Amelia Rules: The Tweenage Guide to Not Being Unpopular - This is about as far away from Planetary as you're going to get. But writer/artist Jimmy Grownley manages a difficult feat here here; he's produced a book that will appeal to kids, but if you're an adult reading it, there's several gut bustingly hilarious scenes in the comic. Of all the books in the picture, Amelia Rules is the one that just about anybody can pick up and enjoy.
In this case, it's Amelia learning about popularity and the dangers of perhaps being a little too honest. It sounds like an after school special, but Grownley manages to find a way to get a message across without being preachy. Instead, he makes it funny, interesting and sometimes genuinely heartfelt. There's some surprisingly clever writing in here. I really can't recommend it highly enough.
Batwoman: Elegy - This is, all at the same time, a beautiful and mind-blowing frustrating book. First things first, artist J.H. Williams had produced one of the most stylish and beautiful comics I've ever seen. The art has been raved about from all quarters and the raves are justified.
On the other hand Greg Rucka, who is one of my favourite writers, has turned in a story that is at times beautiful, and at other times you want to smack your head against the way. The origin he crafts for the character is one of the best I've read in ages. It really is clever and poignant. However, the other parts of the story are deeply interwoven with years of obscure DC comics continuity. I've been following some of the threads for years, and even I had problems remembering everything.
It's too bad because it's the kind of comic you want to give to people. Kate Kane, the new Batwoman, is gay and is kicked out of the military because of it. She gains new purpose after seeing the Bat signal and see it as a calling to help others that she can no longer do in the military. But then we get into Crime Bible, werewolves and other things. I love the book, but there are times I wonder what Rucka was thinking.
Wednesday Comics - Is the weirdest and most beautifully packaged of the bunch. This is actually a nice comic for people who read comics as a kid, but haven't touched them since. The premise is this - back in the day there used to be one page, serialized strips of Batman, Superman and other characters. Last year, DC produced an over-sized series of anthology strips on newspaper format. This is the collection.
It's a big book, as you can tell. The artwork is mostly stunning and they do their best to play with the format a bit. The problem is that most of the stories are kind of flat. The best of the bunch is the Supergirl story, which is deeply fun. But most of them are kind of flat. Even Neil Gaiman's Metamorpho story didn't work, but then again, that might have to do with me never really caring for the character.

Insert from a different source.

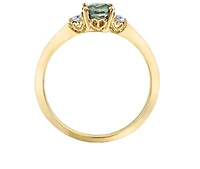 14K Yellow Gold Round Green Sapphire & 0.08cttw Canadian Diamond Ring, 6.5 - / 4.5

I'm glad I bought the book and I hope they try it again. But I just wish it had been a bit better.
Scott Pilgrim's Finest Hour - I never enjoy Scott Pilgrim books the first time through. It normally takes me multiple reads over several months before I really get the swing of it. This book is going to be no different. I've read it twice and feel kind of eh about it. I am still looking forward to the movie, though.
Beasts of Burden: Animal Rites - Again, one of these books that works if you're not a regular comic book reader. A group of dogs, and a cat, deal with supernatural mysteries in their neighbourhood, Burden Hill (that is a groan worthy title, I must say). It's scary, clever, funny and the sort of thing you smack yourself in the head of for not thinking about it yourself. It also helps that Jill Thompson's watercolours are stunning to look at. It's only $20 for this hardcover, which I would consider a steal at twice the price. Well worth tracking down.
The rest are pretty standard comic book fare. I picked up Power Girl because I love Amanda Connor's artwork, not for any great love of the character. The story is so-so, but Connor's artwork is fun in a cheesecake sort of way. Ultimate Iron Man: Iron Wars is Warren Ellis slumming for a paycheck. I love the man's writing and he has some fun bits, but this is for the hardcore completest of Ellis or Iron Man only.
Captain America: Reborn is another one only for the hardcore fans. Dealing with Captain American's inevitable resurrection, it involves time travel, weird science and giant robots. It's weird because writer Ed Brubaker had been doing a espionage version of the character for years, steering clear of overt superheroics. Yet this is laced with over the top weirdness, that's too silly for Brubaker's previous tone, and yet too straight for over-the-top camp. Pity.
Irredeemable, Vol. 3 is Mark Waid's attempt to do a story about what if Superman went nuts. This is the last volume I'm going to buy of it. It just feels like it's dragging its feet entirely too much and not going anywhere.
X-Men: SWORD is for hardcore X-Men fans only, but that doesn't mean it's a bad comic. It's good, silly sci-fi fun about an agency dealing with alien threats to Earth. It was supposed to be a regular series, but got canned after five issues. Pity, I'd like to read more of the characters. I also like the idea the SWORD agency is there to protect aliens from Earth as much as they are to protect humans. Earth is a dangerous place if you're an alien, after all.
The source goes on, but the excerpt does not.